Single Variable Calculus by James Stewart Applied Project

[Guest]

http://64.78.63.75/samples/math/05MA100 ... CC3Ch3.pdf
goto page 11, at the bottom, or if you can't read that, goto:
http://endeavor.aspfreeserver.com/page1 ... roject.txt and http://img102.imageshack.us/my.php?image=calculus29ni.png

After doing the first problem, I got a = -0.012, b = 0.8, c = 0, and f(100) = -40ft.

In the 2nd problem, can I use these values of a, b, and c again? I think so because I developed 8 equations in 11 unknowns, but it would be 8 equations in 8 unknowns if I used the values for a, b, and c.

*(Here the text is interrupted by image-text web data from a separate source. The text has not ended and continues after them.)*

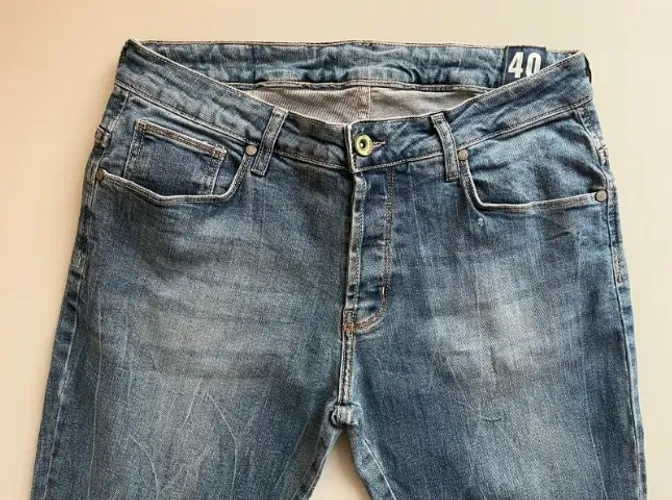 Calça Jeans Forum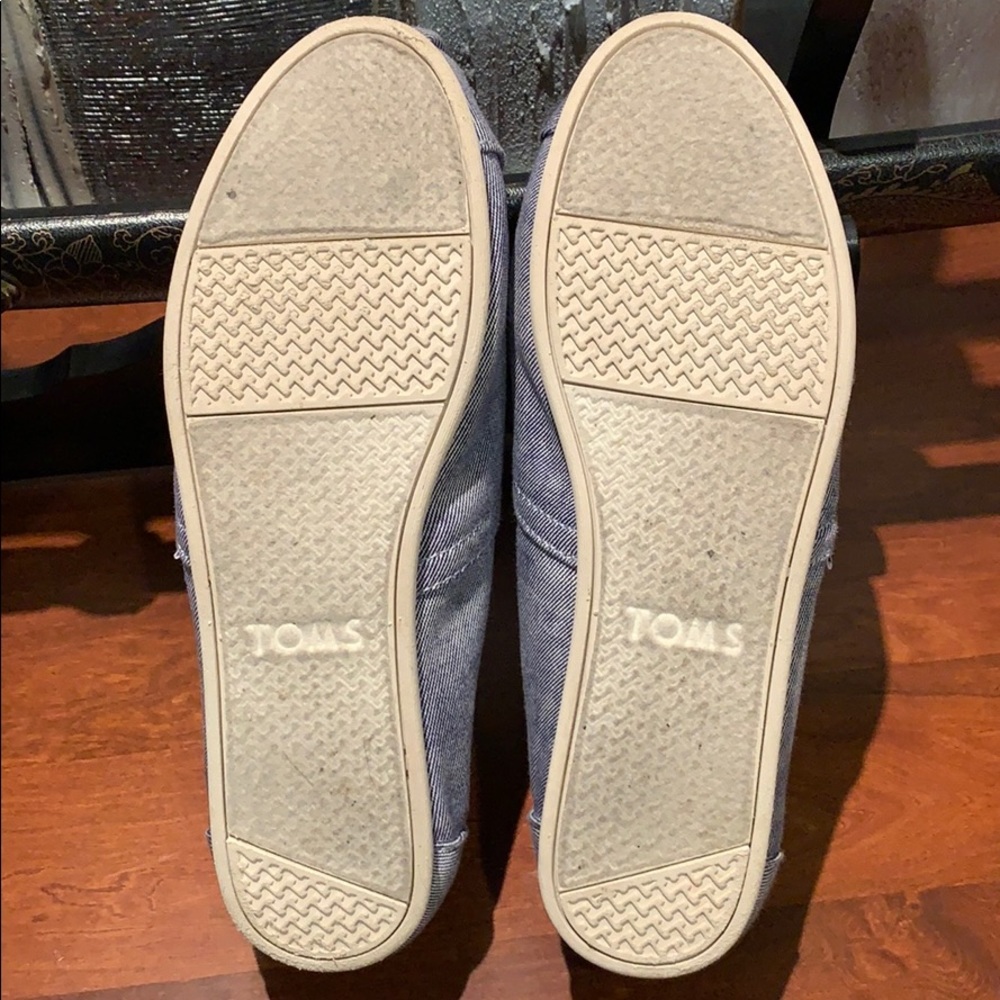 Shoes - Picture 6 of 6
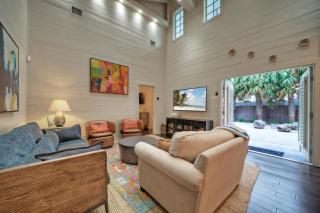 16 Palms by AvantStay Luxury Getaway Backyard Oasis Pool Playscape Access - Port Aransas - 4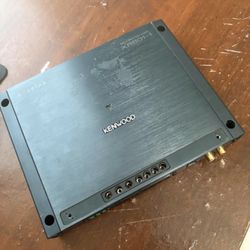 Kenwood Bass Amp
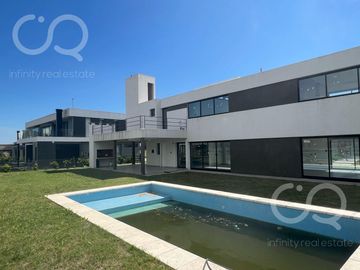 CASA EN VENTA BARRIO PRINCIPADO CANNING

For 2 (b), I am supposed to use a computer algebra system, but I do not have one at the moment. Does anyone know of any free CAS programs or demos that I can download?

 

[Gene]

Suppose you are asked to design the first ascent and drop for a new roller coaster. By studying photographs of your favorite coasters, you decide to make the slope of the ascent 0.8 and the slope of the drop -1.6. You decide to connect these two straight stretches y = L₁(x) and y = L₂(x) with part of the parabola y = f(x) = ax² + bx + c, where x and f(x) are measured in feet. For the track to be smooth there can't be abrupt changes in direction, so you want the linear segments L₁ and L₂ to be tangent to the parabola at the transition points P and Q. (See the figure.) To simplify equations you decide to place the origin at P.
1. (a) Suppose the horizontal distance between P and Q is 100ft. Write equations in a, b, and c that will ensure that the track is smooth at the transition points. (b) Solve the equations in part (a) for a, b, and c to find a formula for f(x). (c) Plot L₁, f, and L₂ to verify graphically that the transitions are smooth. (d) Find the difference in elevation between P and Q.
2. The solution in Problem 1 might look smooth, but it might not feel smooth because the piecewise defined function [consisting of L₁(x) for x < 0, f(x) for 0 <= x <= 100, and L₂ for x > 100] doesn't have a continuous second derivative. So you decide to improve the design by using a quadratic function q(x) = ax² + bx + c only on the interval 10 <= x <= 90 and connecting it to the linear functions by means of two cubic functions:
g(x) = kx³ + lx² + mx + n 0 <= x < 10
h(x) = px³ + qx² + rx + s 90 < x <= 100 (a) Write a system of equations in 11 unknowns that ensure that the functions and their first two derivatives agree at the transition points. (b) Solve the equations in part (a) with a computer algebra system to find formulas for q(x), g(x), and h(x). (c) Plot L₁, g, q, h, and L₂, and compare with the plot in Problem 1(c).

 

[Guest]

oh well, i solved it all myself; and didn't use a CAS. I used a matrix for the p, q, r, and s.